That period of rigorous training was also my first time out in the world, and I truly believe I learned a great many things from my editor. I think he influenced me more as a manga artist than any other person. Editors are like tyrants, but they are also like gods. I mean, he was the one who decided that DIO would be in Egypt.
Next was Baoh the Visitor. I came up with the concept when I was doing B.T., and when I told my editor the idea, he said, "We'll do a serial. Come to Tokyo." And so in summer 1984, I moved to Tokyo. "The Visitor" doesn't really have any special meaning—maybe just in the sense that he comes back and strikes. At the time, biotechnology was a popular topic I thought I could use in a manga. So the name "Baoh" comes from "bio." And stories about big muscle guys like Rambo were very popular, so I thought I needed to pursue a more muscular style.
I'm often told that the fighting moves had really long names, but I find longer names more exciting. They feel more novel, for one thing... As for how I chose them, I just looked in the dictionary and put together words that looked cool.
The idea for Gorgeous Irene came to me suddenly during my pursuit of a more physical style. I used the name Irene simply because I thought it sounded adorable. There's not any particular meaning behind it.
The Gorgeous Irene was an experimental work; I wanted to try out drawing girls too. What I learned was that I can't. I don't know if it's because I don't understand how they feel, or what... I came out of it figuring that men draw men. That's one reason why JoJo doesn't have many female characters.
But lately, the times are changing, and girls are becoming more proactive, so I think that I might be able to draw them now.
And then finally came the beginning of JoJo. I had gotten a little bit of money from Baoh, enough to go on my very first overseas vacation to England for ten days. But I didn't know what kind of food to order aside from rice, and I really had trouble. Especially when I can't speak English...
But my experiences on that trip led to JoJo's Part 1. Incidentally, because I went under the pretext of doing research for my work, two years later I tried to write it off from my taxes as a business expense. The tax office told me that a vacation I went on two years prior couldn't count as a business expense, and they charged me the extra amount. I was sooo bitter! [laughs] But maybe I'll get in trouble for saying that here. [laughs]
The "gogogogogogo" sound effects are rhythm and mood—the tempo I feel as I'm drawing. Maybe I'll add a "doon" here and an eerie "gogogogo" there. And isn't DIO's "muda muda muda" great for really feeling like he's shouting? Sound effects can be similar to music in that regard.

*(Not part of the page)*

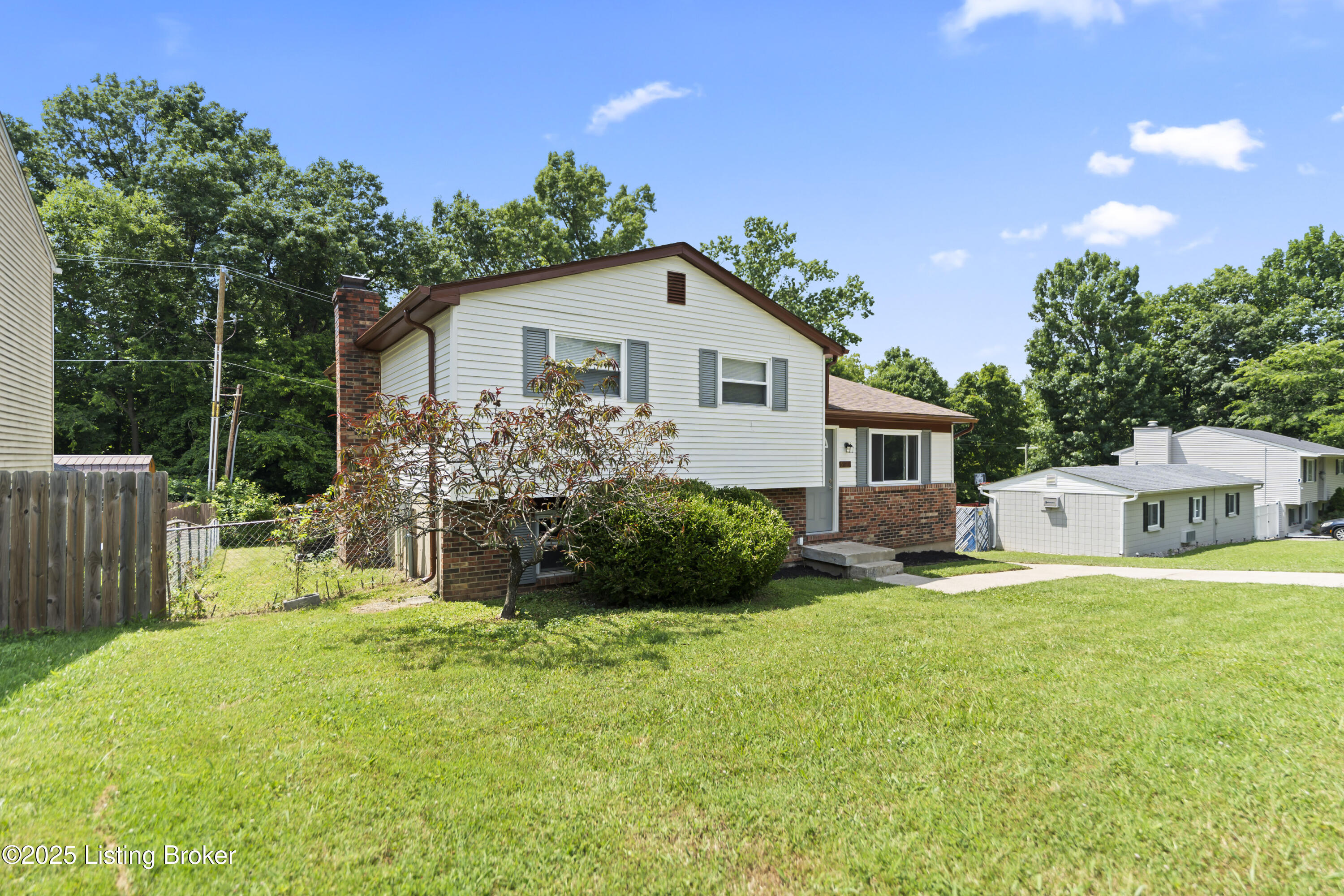 9722 Chapel Hill Rd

As for my favorite JoJo character, I'd have to go with Josuke, I think. And Jotaro, and DIO. And then D'Arby and N'Doul—I like characters with their own aesthetics. My least favorite is Vanilla Ice. I decided to draw him as an unlikable person. And wouldn't you know it, as I was drawing him, I came to not like him.
I don't find either good or evil characters easier to draw than the other. Maybe they're two sides of the same coin... Good characters come with a lot of different restrictions, but while I'm drawing them, there's also part of them that makes me think, "This person kind of looks like they have a freaky side," and that's fun.
Both good and evil are easy to draw, and both are hard to draw, too... but if I had to pick I'd say that bad characters are more interesting. They have a kind of freedom; they can just destroy things if they want.
Jotaro's school uniform is from Babel II, which also has a protagonist who wears a school uniform and goes to the desert. I just think that's extremely cool—to go on an adventure dressed like that. There's a certain kind of romanticism there, and beauty. Even though in ordinary manga, I'm sure they'd take their uniforms off.

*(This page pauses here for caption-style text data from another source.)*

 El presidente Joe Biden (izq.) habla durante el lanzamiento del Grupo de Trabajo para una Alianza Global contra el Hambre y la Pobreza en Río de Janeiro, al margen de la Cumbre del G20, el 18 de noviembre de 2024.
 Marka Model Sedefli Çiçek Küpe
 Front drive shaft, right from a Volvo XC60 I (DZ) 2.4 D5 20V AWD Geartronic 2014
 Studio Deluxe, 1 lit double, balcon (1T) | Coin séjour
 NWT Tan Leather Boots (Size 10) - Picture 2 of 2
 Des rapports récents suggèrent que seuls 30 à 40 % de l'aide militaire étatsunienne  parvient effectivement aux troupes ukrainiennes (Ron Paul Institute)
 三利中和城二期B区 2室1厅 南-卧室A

Nikola Tesla, which I wrote and supervised, came about because I was reading about the man and thought he was really incredible. A lot of books have come out about him now, but there were almost none at the time we did the project. I was stunned when I read about him. He was super eccentric, but also a genius, and I was immediately drawn to him as a character.
Now—and this isn't about Nikola Tesla—I'm drawn to the dark sides of people. I want to know what made them that way. I'm strongly taken in by people who commit crimes, while probably feeling casually about it, that end up being a huge incident.

Right now, JoJo is everything!

I'm also interested in fashion, and I read fashion books and catalogs from places like France and Italy to get ideas for my character's clothing and accessories. Flamboyant designers like Versace and Moschino make for great drawings. But there's one downside—when I keep drawing the same fashions for an extended time, I get tired of them. [laughs] It's the same as with real fashion—you don't keep wearing the same trends for two or three years straight.
Early on, I also referred to Japanese fashion magazines, but they're not the same. We're behind. A trend will start elsewhere, and then about a year later, everyone here imitates it and then it's the trend here.

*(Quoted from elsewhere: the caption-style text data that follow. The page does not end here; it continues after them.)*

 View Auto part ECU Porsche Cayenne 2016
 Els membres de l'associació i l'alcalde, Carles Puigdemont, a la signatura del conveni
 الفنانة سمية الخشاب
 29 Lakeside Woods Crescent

My process of drawing manga begins with the rough draft. I write the script on notebook paper, and if I go over length, I'll make cuts or shift some to the next week's chapter. I usually finish the script within twelve hours. I have a meeting with my editor to go over the rough draft, and after that I do the panel layout and go on to drawing.
I work on one page at a time, from penciling to inking. I don't do the entire chapter's penciling at one go, because my five assistants work more efficiently if we take each page from start to finish. The panel layout almost never changes from the rough draft to the final pages, although sometimes I'll reword the dialogue.
I do the rough draft and the panel layout on Sunday. Then Monday, we work from eleven until usually midnight. We do take a proper break for about an hour-and-a-half starting at three. Tuesday and Wednesday are the same, and we'll finish the pages by around six on Thursday. Then, until midnight, I'll work out my ideas for the next week. Then I have Friday and Saturday to work on color illustrations, or research, or resting. I'm not very good at doing research. [laughs] Talking to people I don't know, that's a little... [laughs] Going to the zoo, even asking questions of the zookeepers, makes me so nervous.
When I'm working, I keep a rather strict pace, because if I take my time I'll never be done.
In the afternoon, I have to give my assistants lots of instructions, and as a consequence, my own work often comes to a stop. My most productive time of day is after they go home at eight.
Sometimes I'm better at coming up with ideas than other times. When I'm in that creative mode, I don't waste it, and I get out every idea I can. That makes things easier for me.
I've never had a prolonged slump, but there are times where I just don't want to do anything. But of course I can't not do my work. I suppose that happens to everyone right? Or maybe not.
I've always worked as hard as I could, so if you asked me what parts are difficult, I'd say all of it. [laughs]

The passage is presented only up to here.